As part of the Wessex Scene’s 80th Anniversary celebrations, we’ve delved into the archives to find some of our best articles from the past eight decades, counting down to the big day itself. And what better place to start than our review of Led Zeppelin’s January 1973 performance at the Students’ Union in the University of Southampton?
The quartet of Robert Plant, Jimmy Page, John Paul Jones and John Bonham added a late stop at the University on their final ever UK tour, where tickets were priced at just £1! The show was recorded professionally, and it was the only one on their tour to be done so. Be sure to check out the full recording below. Here’s our review of that legendary concert:
Wessex News, Jan 1973. Review: John Clark
‘For two days, Southampton was blessed with the presence of the world’s top rock band.
On the first, it was the turn of the town, with Led Zeppelin blowing the minds of 2500 fans at the Gaumont. But the next day, our heroes came to the Union, and played to us in the Black Hole of Calcutta, or Old Ref. as it is sometimes known. The Gaumont concert had been pretty tight, but not as good as I would have expected from a band that had been on the road for the past two months. But all my doubts were dispelled the next day. I don’t know if it was the atmosphere, or just being right at the front of the audience, but the Old Ref. concert was just fantastic. There’s no other word for it. They enjoyed it, and we enjoyed it, and that’s what matters.

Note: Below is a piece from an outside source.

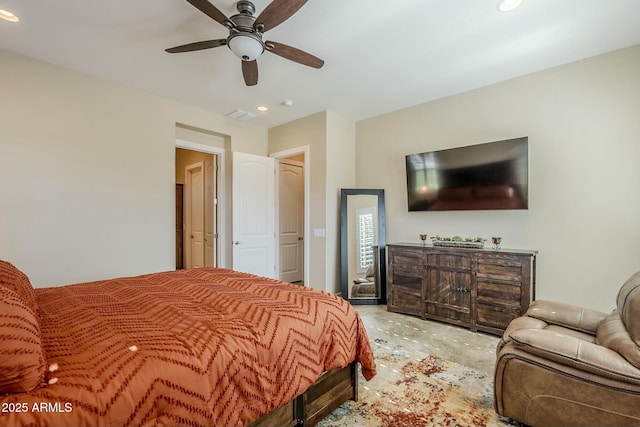 bedroom featuring ceiling fan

As usual, they were a bit slow to warm up – in fact ‘Rock n Roll’, their opening number, was very rough, and the next, ‘Over the Hills and Far Away’, a track from Houses of the Holy, wasn’t much better either. ‘Black Dog’ followed, and the audience joined in instantly on the ah-ah-aaah chorus, whereas it took the Gaumont audience a couple of goes to get it right.
LZ were beginning to cook. ‘Misty Mountain Hop’ and ‘Since I’ve Been Loving You’ came next, giving John Paul Jones a chance to show us his dexterity on the keyboards. Until ‘Loving You’, Jimmy Page had been churning out the riffs to make his numbers boogie, but on this one he gave us his first solo, very fast one second, and slow the next, getting everything out of each note.
Just to watch him moving his fingers up and down the fretboard made me very envious – he must have some natural gift. ‘Dancing Days’ and ‘The Song Remains The Same’, the two new numbers were the next, the first, a straight rocker very much in the LZ style, and the second, a longish complex number starting and finishing with some low tempo-melodic guitar playing, and connected with a heavy rocking bit and a superb organ solo from John Paul Jones.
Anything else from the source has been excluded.